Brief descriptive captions
+++

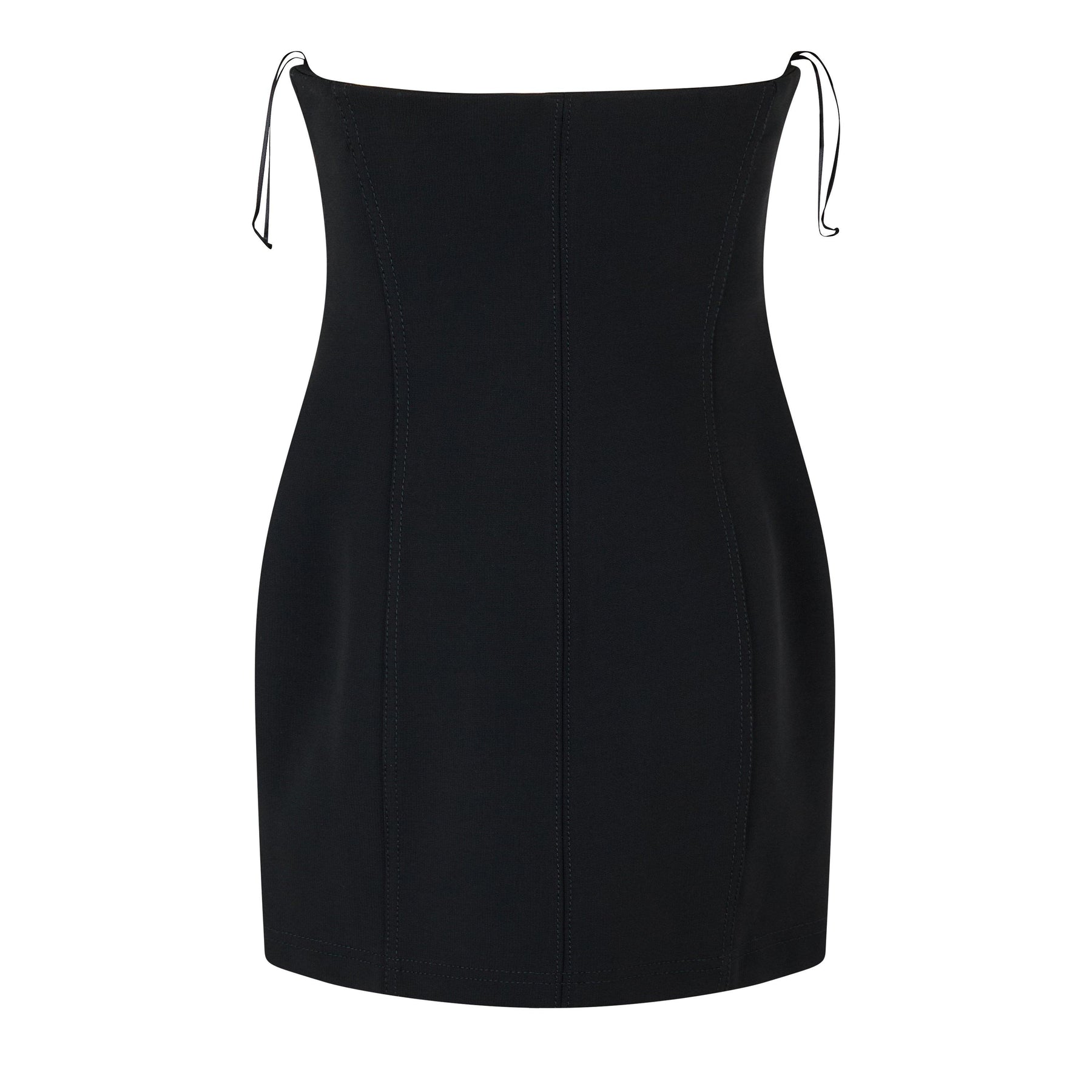 Bodycon Mini Dress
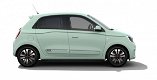 Renault Twingo - 1.0 SCe Intens / Nu incl. €1.500, - korting / Climate Control / 15' Inch Lichtmetal - 1 - Thumbnail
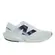 Tênis New Balance Fuelcell Rebel v4 Masculino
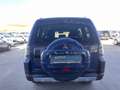 Mitsubishi Montero Todoterreno Automático de 5 Puertas Azul - thumbnail 4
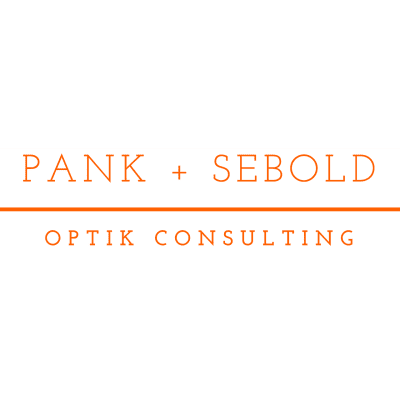 Pank+Sebold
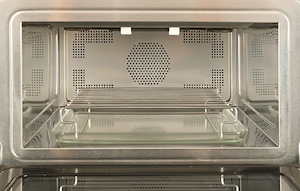 مایکرو ویو فیلی مستر پلاس کد M3517 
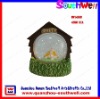 Wholesale Resin Water Globe of 45 MM-----NW1456U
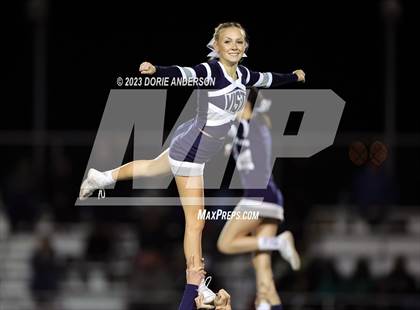 Thumbnail 2 in Vanden @ Vista del Lago photogallery.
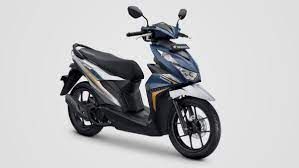 Inilah Keunggulan Honda Beat Terbaru. Inilah Alasan Mengapa Honda Beat Laku Keras di Indonesia, Simak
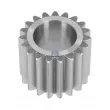 Couronne, engrenage planétaire DT 2.35033 - Visuel 1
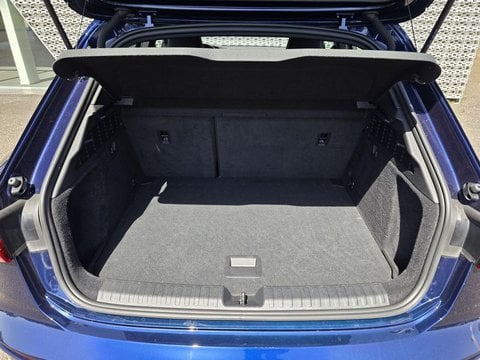 Voitures D'occasion À Saint-Avit | Audi A3 Sportback Tdi 150 S Tronic 7 S Line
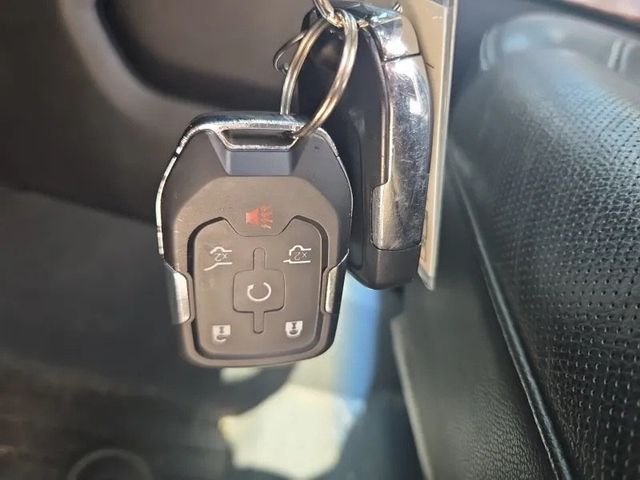 2019 Chevrolet Tahoe 2WD 4dr Premier - 23039750 - 10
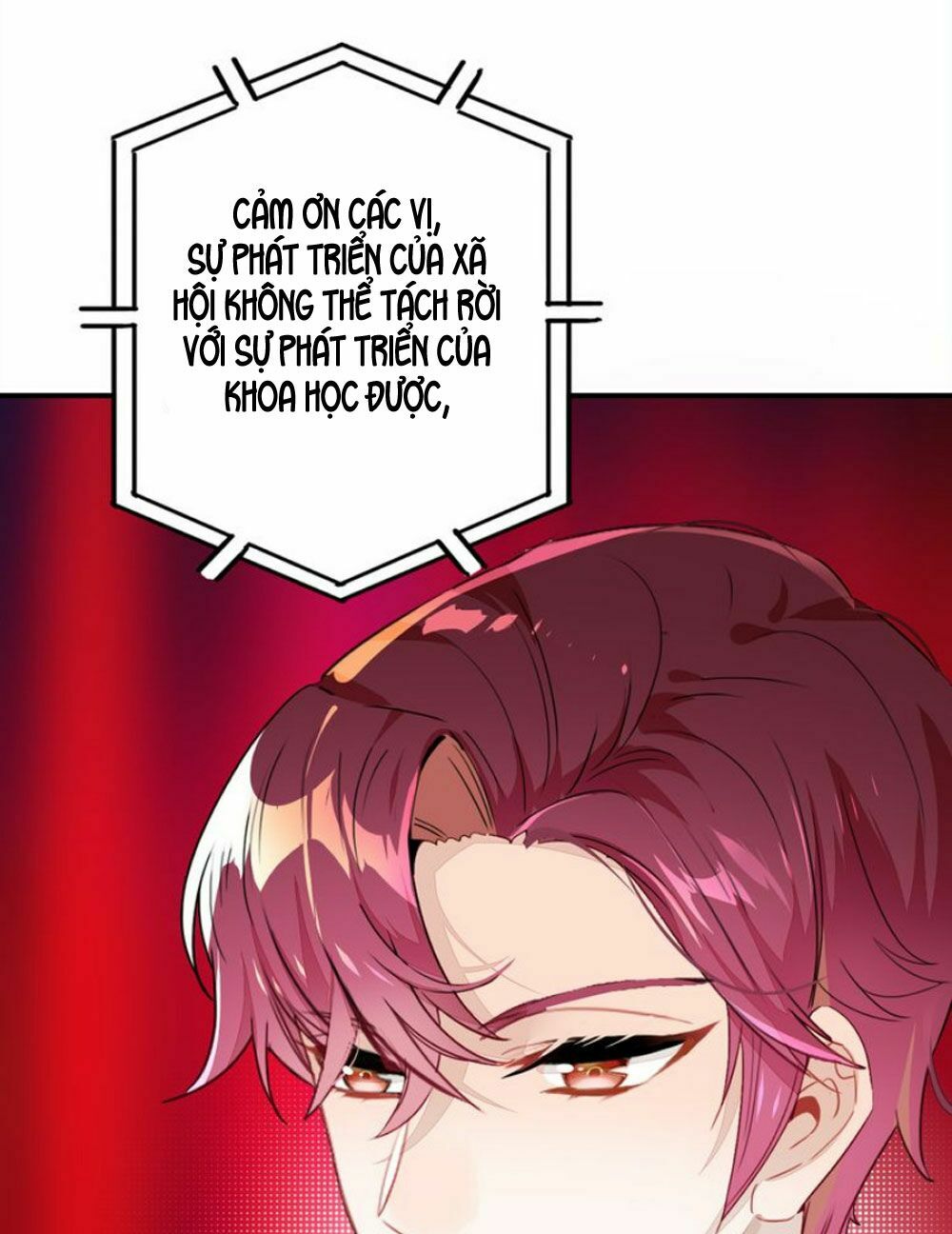 Ái Thượng Ngạo Kiều Long Vương Gia chapter 20 - Trang 74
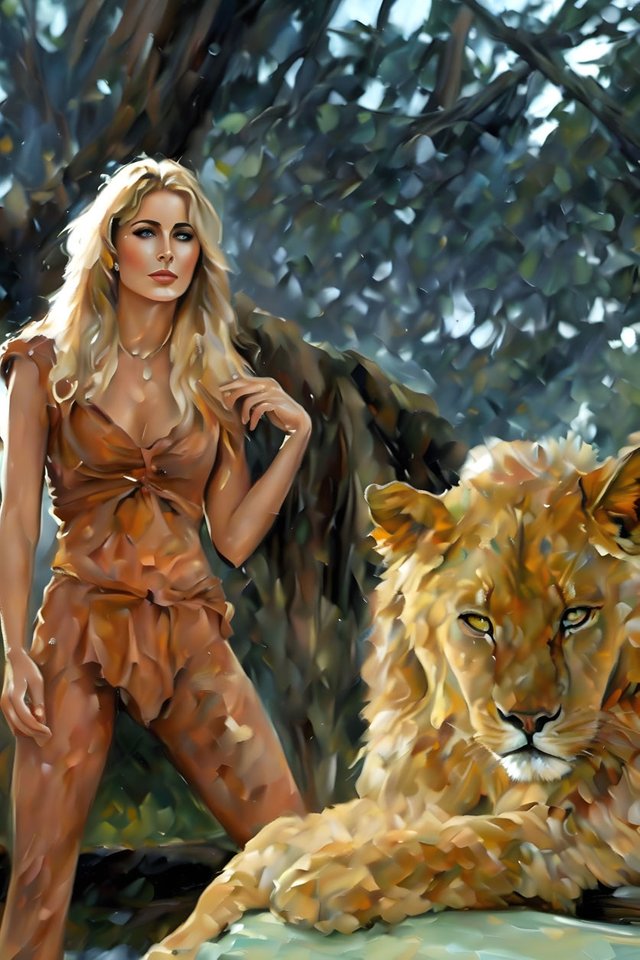 Шина корлева джунглів sheena queen of the jungle 1980.jpg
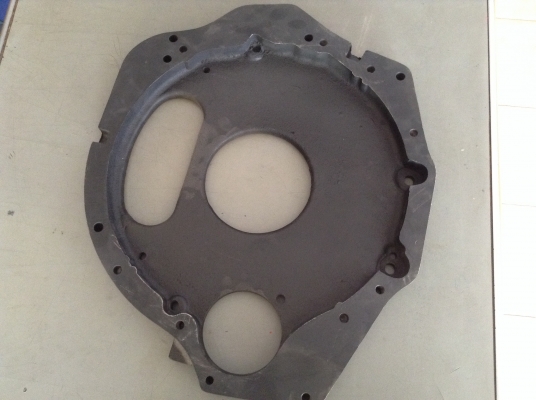 ขายด่วน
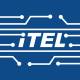 Товары ITEL
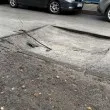 Внимание! Убиец (на картери) в София СНИМКА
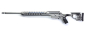 Preview: JP RIFLES | MR-19 Manual Precision Rifle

+++

▶ YOUR OBJECTIVE
Restate word for word only the lines that run from the line holding "Mitsubishi Montero Todoterreno" to the end of the data, both ends kept, leaving every picture out.

▶ WRITTEN RESPONSE
 Mitsubishi Montero Todoterreno Automático de 5 Puertas Azul - thumbnail 4
 Pank+Sebold
 مایکرو ویو فیلی مستر پلاس کد M3517 
 Wholesale Resin Water Globe of 45 MM-----NW1456U
 Thumbnail 2 in Vanden @ Vista del Lago photogallery.
 Inilah Keunggulan Honda Beat Terbaru. Inilah Alasan Mengapa Honda Beat Laku Keras di Indonesia, Simak
 Couronne, engrenage planétaire DT 2.35033 - Visuel 1
 Voitures D'occasion À Saint-Avit | Audi A3 Sportback Tdi 150 S Tronic 7 S Line
 2019 Chevrolet Tahoe 2WD 4dr Premier - 23039750 - 10
 Ái Thượng Ngạo Kiều Long Vương Gia chapter 20 - Trang 74
 Шина корлева джунглів sheena queen of the jungle 1980.jpg
 ขายด่วน
 Товары ITEL
 Внимание! Убиец (на картери) в София СНИМКА
 Preview: JP RIFLES | MR-19 Manual Precision Rifle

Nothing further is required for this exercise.